Article by Limarc Ambalina | July 17, 2019

Deepfakes and AI have recently been regarded as impending threats to national security. The dangers of manipulated media and synthetic media are hot topics on numerous technology forums and have been covered extensively on various media outlets. Just last month, the U.S. House of Representatives Intelligence Committee held a hearing on the dangers of deepfakes and AI. We sat down with Replica Studios CEO Shreyas Nivas, to get the other side of the story and learn about some of the positive applications of synthetic media. 

With an innovative application of deep learning techniques, Replica is utilizing synthetic audio to revolutionize the entertainment industry.


The Beginning of Replica

“Replica was born because of one idea which we believe in very strongly: AI is a tool that can empower creative people. Our mission is and will always be to empower creative people around the world.” – Shreyas Nivas, Replica Studios CEO

Like almost every startup, Replica had a humble beginning. Nivas began his startup journey right after graduating from IIT. Through a few failed attempts he learned more about software and product development which ignited a passion in him for AI and deep learning. Using the knowledge from his prior projects and with the help of the contacts he had made, he found himself at the head of an augmented reality and virtual reality consultancy firm. Through this company, he met Replica’s main investor, Stephen Phillips. Phillips is the creator of We Are Hunted which later became Twitter Music.

Phillips quit his job at Twitter and set up an AI lab in Brisbane with the goal of invigorating Australia’s ecosystem and creating world-class AI companies.

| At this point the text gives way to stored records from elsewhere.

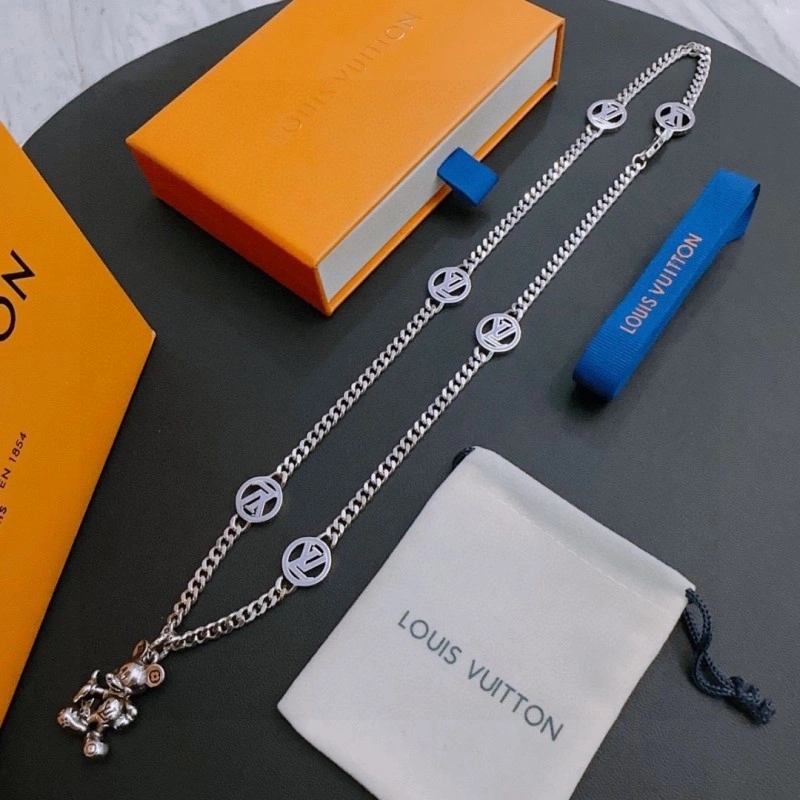 Louis Vuitton Necklaces Lightweight 248413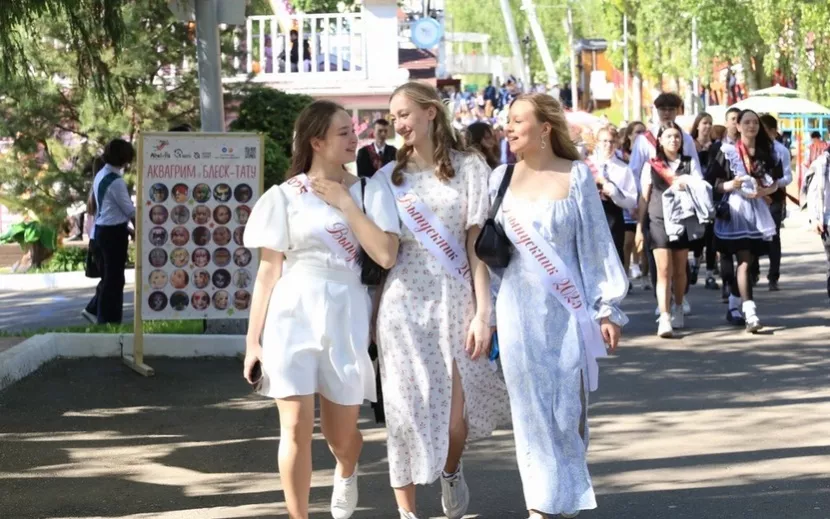 «Последний звонок» отметили в Ижевске. Фото: пресс-служба администрации Ижевска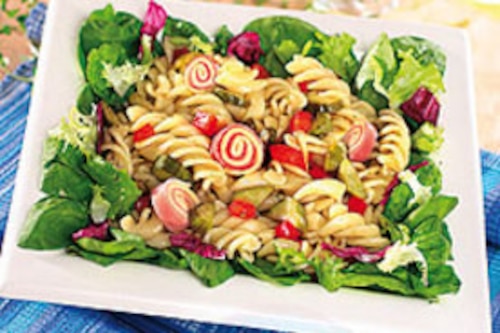 Przepis na Sałatka makaronowa z roladkami Sałatka makaronowa z roladkami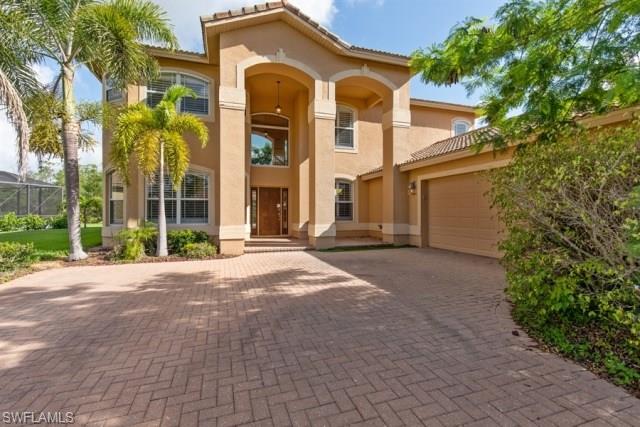 This is an Auction. Spacious home with 5 beds and 3 baths home sits on a lot size of +/- 0.26 acres. Home
offers room for relaxing and entertaining. Enjoy the outdoors in your enclosed lanai by the pool. Low
HOA fees and great amenities are available at Bella Terra. Community amenities include a resort style
pool and spa, exercise room, tennis and pickleball courts, sand volleyball, basketball, in-line skating rink,
bocce ball and baseball field! Located close to shopping, dining, I-75, beaches, schools, and airport. Don't
miss this great opportunity. Schedule a visit and make your offer now.
This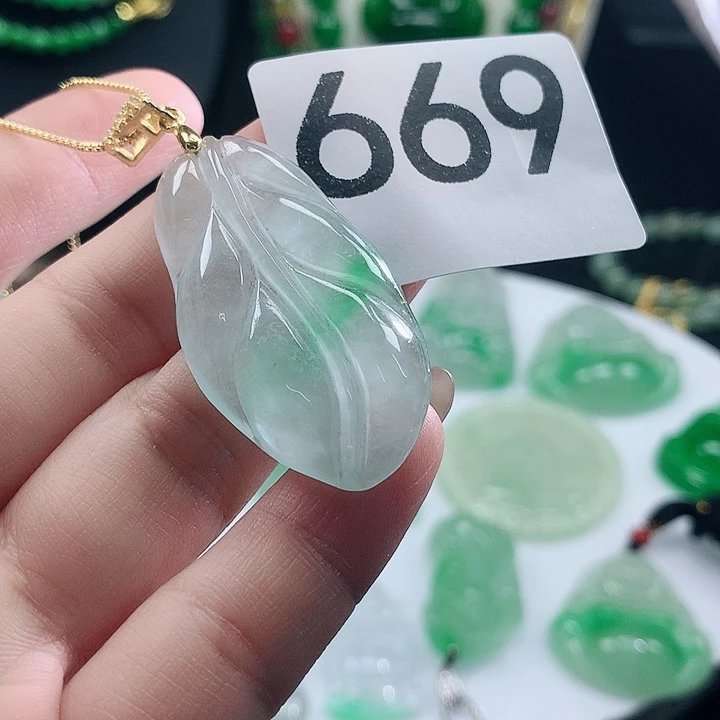 翡翠未镶嵌吊坠(赠链)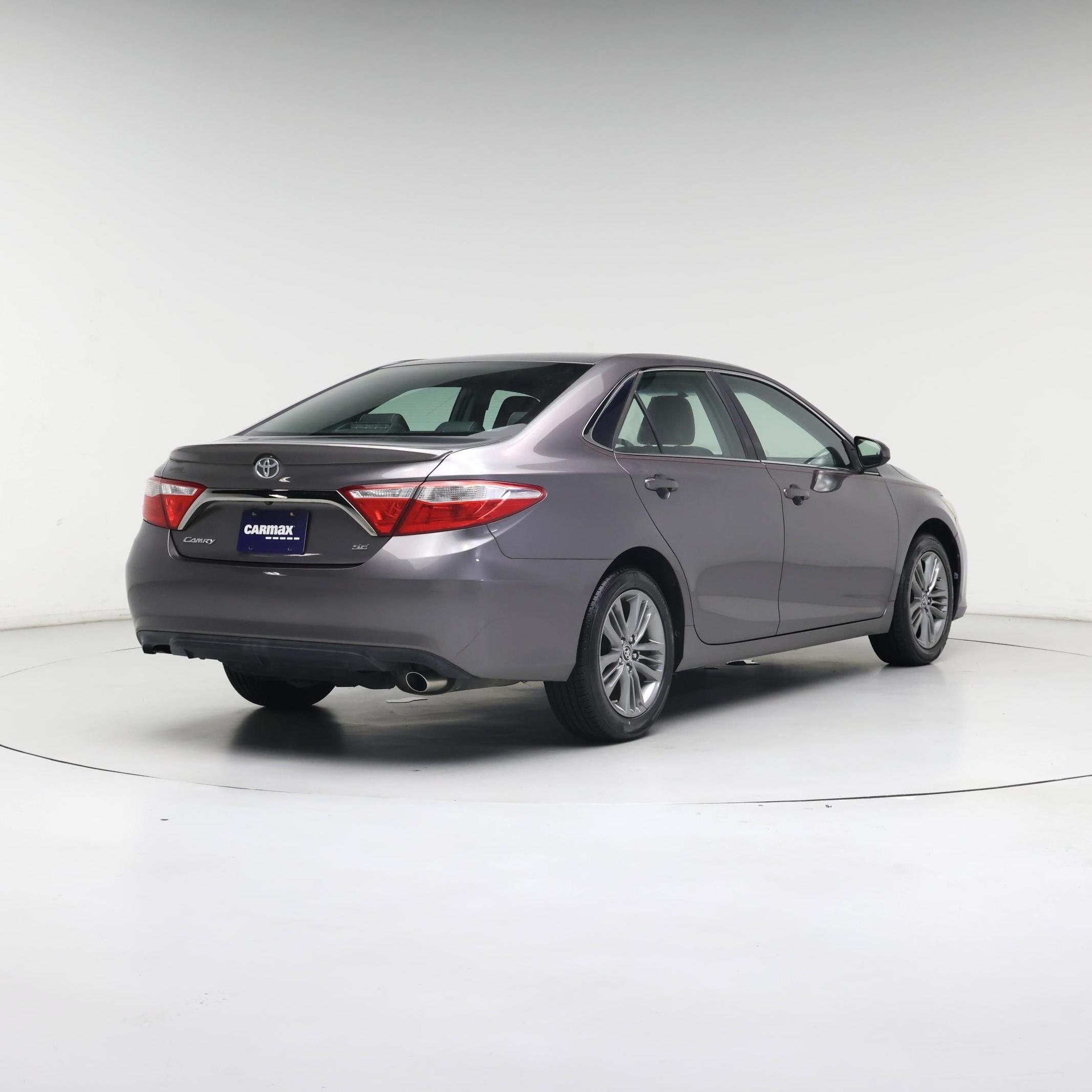 Thumbnail: 2015 Toyota Camry - 8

Likewise, Nivas closed his consultancy and spent half a year learning about AI. The talent attracted by the AI Lab eventually led to the formation of the core team that is Replica. Together, they came up with the idea to start Replica.

How Synthetic Voice Actors Rival Human Actors — An Interview with Replica Studios - Team Replica
The Replica Team

The Replica team is made up of avid gamers who are excited by the possibilities they can offer to creatives around the world. Nivas believes that AI will fuel a natural evolution of creative tools like photoshop and CGI, igniting a shift toward the mainstream use of synthetic media over digital media.


What solutions does Replica provide?

Replica is an AI company. They have recently launched their first product, Replica Studios, which is a creative tool that can replicate any voice using a few minutes of recorded speech.

Nivas: Utilizing advanced deep learning algorithms, Replica provides a platform for creatives from various industries to easily create and edit synthetic voices and dialogue. When we talk about our technology, we don’t see ourselves as a text to speech company. We’re very much focused on entertainment. Entertainment is not about speech, it’s about performance; voice actors are performers. We’ve built our technology from the ground up to learn how to mimic performing style. One aspect of the technology we’re quite proud of is our AI’s ability to speak with a particular emotion or style.

Aside from the basic emotions: anger, sadness, fear, happiness, surprise, and others, Replica also employs nuanced controls for the emotion and intonation of speech. Many of these controls are still in development or testing phases and some are being beta tested by Replica Studios users.

This is an extension of where we aim to be in the future. We envision the core engine that drives our technology as a photoshop for your voice, meaning full editing control over anything you could possibly do with your voice. We’re not there yet, but I believe that the research has come to a stage where it is now product-ready. We just have to implement better models using better datasets and create a good UX.


Synthetic Media for Games and Influencers

Nivas: As gamers, we’d love for stories to become more immersive. That’s where games seem to be going. The Witcher 3 from developer CD Projekt Red is one of the best games of all time. When the game ends you feel as though you’ve aged an entire lifetime. More and more games will try to follow that pattern. Our technology can help these games be more immersive. One factor that can really advance the immersiveness of games is for dialogues to be dynamic, for them to evolve based on your playing style.

Let’s say you’re playing an RPG and you are purchasing some items from a shop, but you don’t have the funds to buy a certain item. Do you want to hear the same rejection message over and over again? How cool would it be if that message evolved with time or the shopkeeper got annoyed that you were wasting their time? We want to create experiences that mimic real life. While those experiences within games are very exciting, Replica’s interests exist outside of the gaming industry as well.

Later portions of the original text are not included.